The problem: Pictures aside, output each record exactly.
━━━
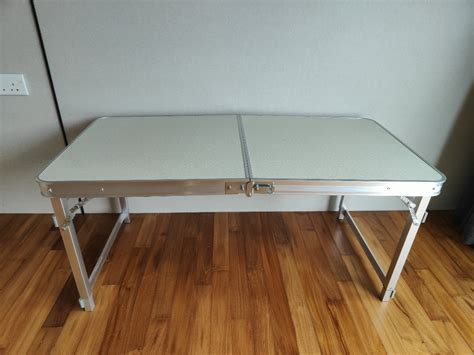 Image result for General Purpose Collapsible Table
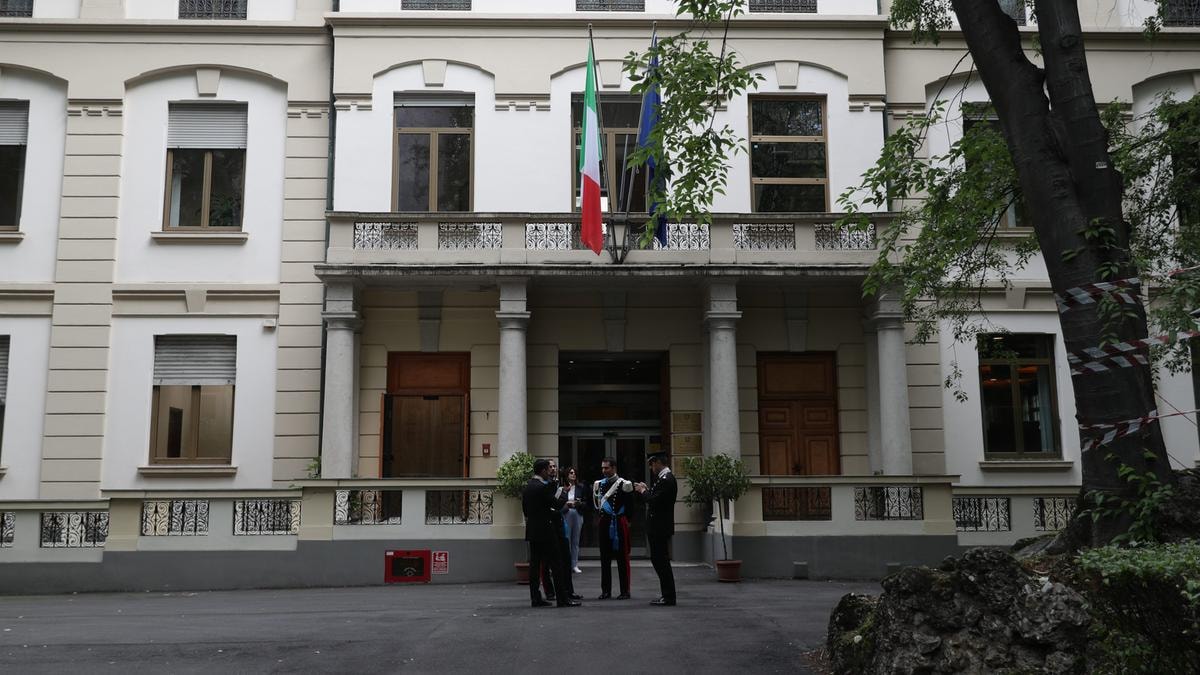 Corte dei Conti: il Fondo indennizzi deve migliorare la gestione finanziaria per garantire indennizzi rapidi ai risparmiatori
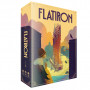 Flatiron: Construye el icono de Nueva York | TPK Hobby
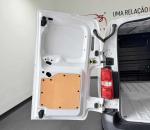 peugeot-expert-1-5-bluehdi-2024-diesel-1499cc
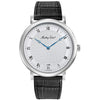 Mathey-Tissot Men's Monsoon Roman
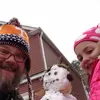 andygilliam76 - @andygilliam76 - TikTok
━━━
Your solution:
 Image result for General Purpose Collapsible Table
 Corte dei Conti: il Fondo indennizzi deve migliorare la gestione finanziaria per garantire indennizzi rapidi ai risparmiatori
 Flatiron: Construye el icono de Nueva York | TPK Hobby
 peugeot-expert-1-5-bluehdi-2024-diesel-1499cc
 Mathey-Tissot Men's Monsoon Roman
 andygilliam76 - @andygilliam76 - TikTok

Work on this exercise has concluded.